Doch Girard empfand mit zunehmender Verzweiflung, dass die Menschen diese Sicht nicht annehmen, gerade diese eine notwendige Imitation wird von ihnen eben nicht geleistet. Die Geschichte scheint ihm recht zu geben: Am Ende seines Lebens war Girard pessimistischer denn je. Er hielt es für möglich, dass sich die Menschheit durch eigene Dummheit selbst auslöscht. Doch bleibt festzuhalten: Girard hat das zentrale Geheimnis des christlichen Glaubens, dass Einer sich hingibt für die Vielen, dass die Erlösung ein für allemal geschehen ist, richtig erkannt.
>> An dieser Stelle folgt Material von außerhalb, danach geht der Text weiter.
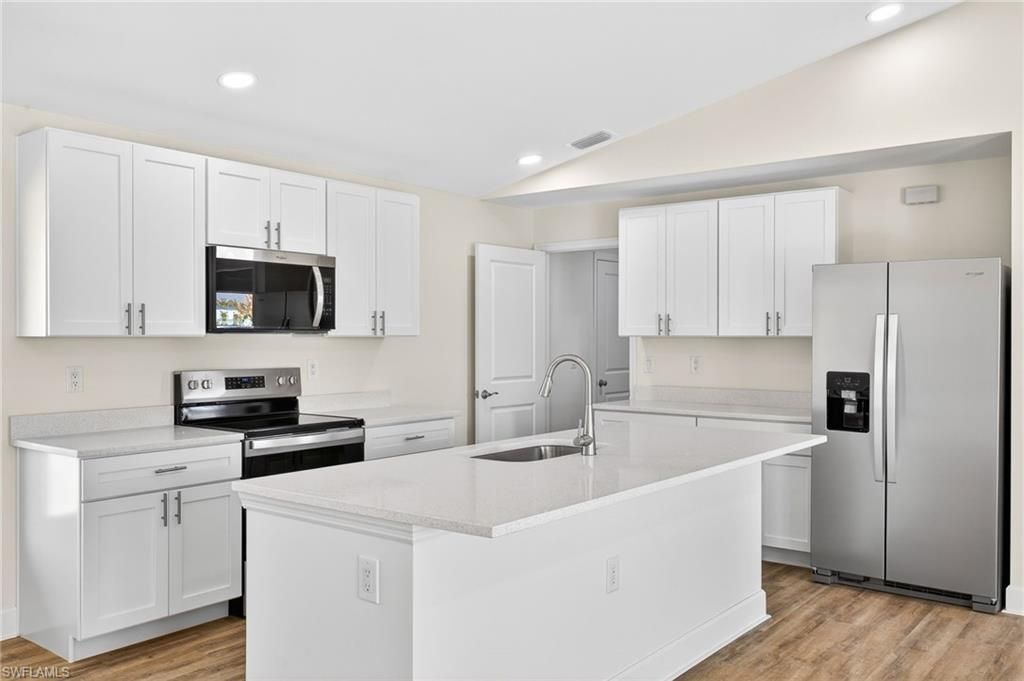 2817 NW 20th Ave, Cape Coral, FL 33993 Photo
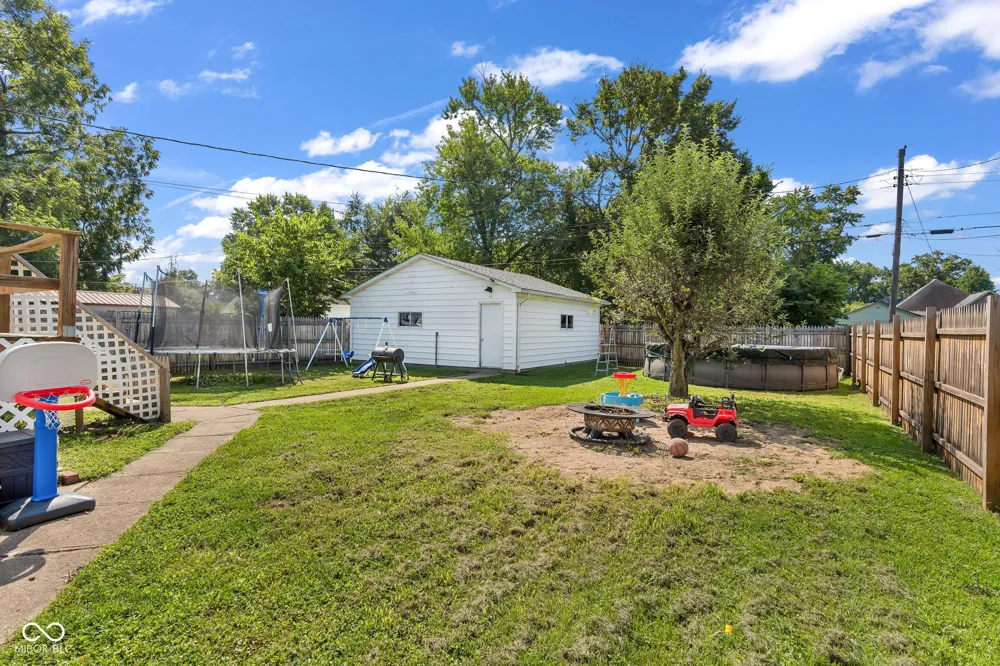 830 Elm Street Clinton, IN 47842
Girard träumte von einer vollständig christianisierten Welt

Der Innsbrucker Theologe Raymund Schwager, an dessen Festschrift zum 60. Geburtstag sich Girard mit dem Beitrag “Von Fluch und Segen der Sündenböcke” beteiligt hatte, hat Girards Fundamentalanthropologie theologisch eingesetzt und übersetzt. Für Schwager war die Heilsgeschichte ein Drama mit verschiedenen Akten und Akteuren, womit er nahe beim Denken des Franzosen war. 

Es geht darum, den Mann aus Avignon, der zum Amerikaner wurde, ernst zu nehmen, aber nicht absolut zu setzen. Peter Thiel hat recht, wenn er Girard als Denker der Vernünftigkeit des Christentums rühmt. Dieses ist aber ohne den Gedanken von der Gnade, die Gott frei austeilt, nicht zu verstehen und nicht zu leben. Thiel ist zuzustimmen, wenn er Girard einen der letzten universal gebildeten Gelehrten nannte. Aber die eine, die letzte Universaltheorie zur Erklärung der Welt hat auch er in seiner brutal-monumentalen Sicht auf den Menschen nicht zu liefern vermocht.